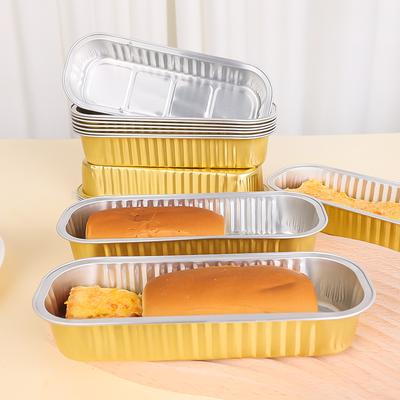 5/10PCS Long Thickened Baking Tin Box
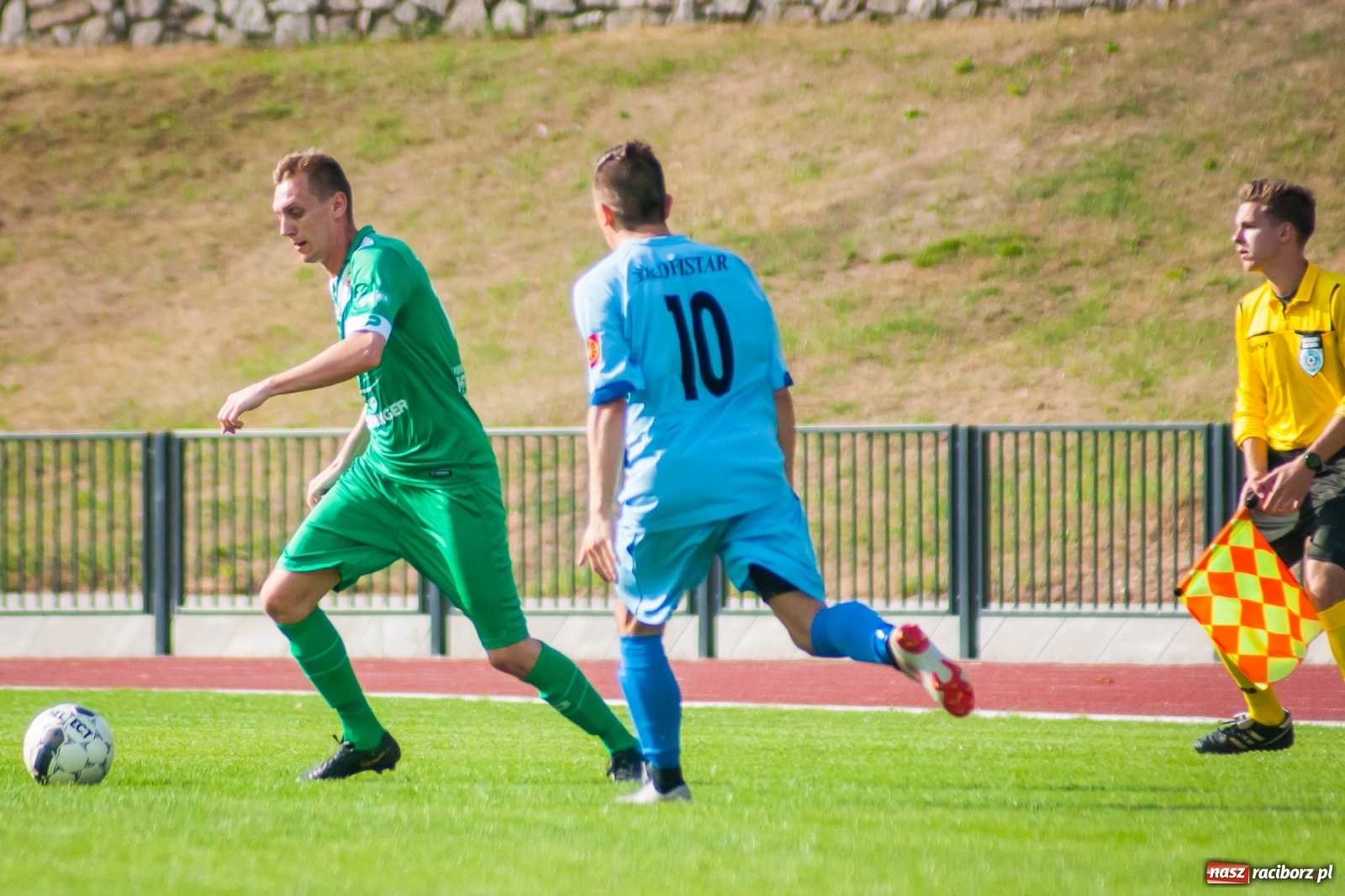 Zdjęcie w galerii na portalu naszraciborz.pl: Minimalna porażka raciborzan w generalnej próbie przed sezonem [FOTO] wiadomości z regionu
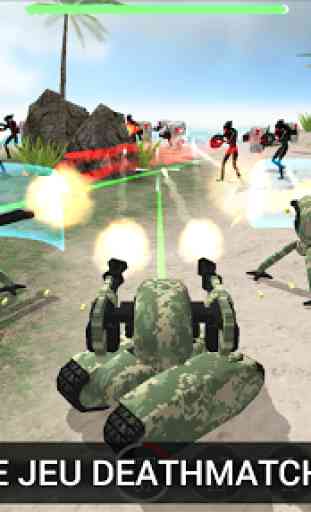 CyberSphere: TPS Online Action-Shooting Game 2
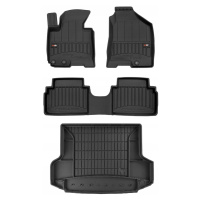 Set 3D gumové autokoberce rohož Hyundai Tucson 2 2009-2015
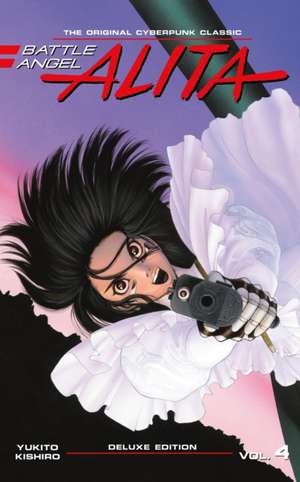 Battle Angel Alita Deluxe Edition 4 de Yukito Kishiro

## Exercise prompt
Please copy exactly the lines from the one containing "CyberSphere: TPS Online" through the end of the records above, leaving out every picture.

## Finished exercise
 CyberSphere: TPS Online Action-Shooting Game 2
 Set 3D gumové autokoberce rohož Hyundai Tucson 2 2009-2015
 Battle Angel Alita Deluxe Edition 4 de Yukito Kishiro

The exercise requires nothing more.